And in Vietnam and El Salvador the United States stayed on and managed
a great deal more destruction and killings.
We also called attention to the fact that there was a sharp difference
between what the voters allegedly wanted out of the election and what
they got. In both Vietnam and El Salvador the public was reportedly
eager for peace, according to U.S. news reports. However, the point of
those elections was to strengthen the authority of political elements
that were completely geared to further war, in accord with U.S.
official demands, and further war is what ensued. Thus the elections
yielded a result in contradiction to the apparent goals of the voters.
Another theme of the book was the failure of those demonstration
elections to meet accepted standards that make elections truly free,
including: freedom of assembly, speech, and press; the right to
organize intermediate bodies like unions and political associations;
the ability of candidates of all political complexion to enter their
slates and compete; and the absence of state terror that might coerce
voters into voting or voting for particular candidates. None of these
conditions were met in the earlier demonstration elections.
A further theme was the calculated use of voter turnout as a measure
of approval of the election and occupation itself, with the opposition
of rebels serving as the dramatic counterpart of the contest. If people
voted despite that rebel opposition it supposedly demonstrated the
populace’s support of the official candidates--and of the
occupation--and rejection of any opposition. We noted that this formula
was not used in the case of the Polish election of 1947 sponsored by
the Soviet Union; there the high turnout was cited as proof of
coercion. There, the 170,000 Soviet-trained security police on hand was
in itself considered to rule out the possibility of a free election.

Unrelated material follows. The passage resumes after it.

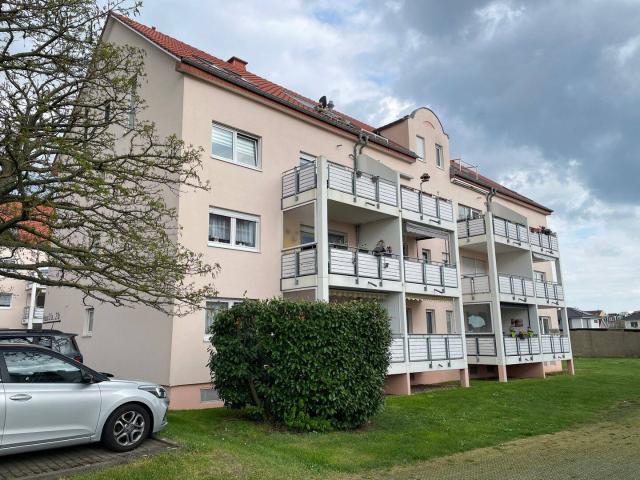 Attraktive Eigentumswohnung mit 3 Zimmern und großen Balkon in Markranstädt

The Nicaraguan election of 1984 yielded a fine turnout for the
Sandinistas, but here too, despite the contra opposition to the
election, the turnout was not interpreted as demonstrating popular
support of the Sandinista government, which was undergoing attack and
destabilization by the Reagan administration.

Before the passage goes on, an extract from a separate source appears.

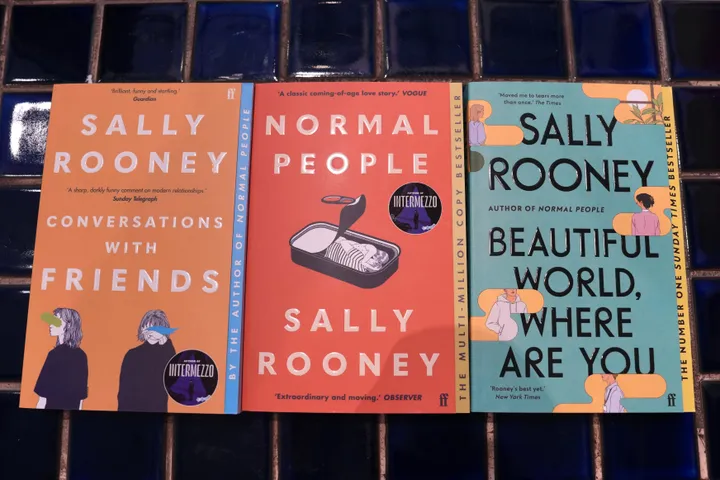 Leading writers, actors and public intellectuals condemn UK anti-terror law targeting Sally Rooney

The U.S. media’s treatment of those earlier demonstration elections
was perfect as service to the election’s U.S. organizers, and the
perfection of this service was further exhibited in the media’s refusal
to apply the same criteria of evaluation to the Nicaraguan election of
1984 (see Herman and Chomsky, Manufacturing Consent, pp. 116-137, for
details on this amusing but gross double standard) . For each of their
own government’s demonstration elections the media featured turnout as
proving something important. In the case of Vietnam, the standard
formula employed throughout the media ran: “Despite attempts by the
Vietcong to intimidate them, South Vietnamese voters turned out in
large numbers” (NYT, Sept. 11, 1967), which “surprised and heartened”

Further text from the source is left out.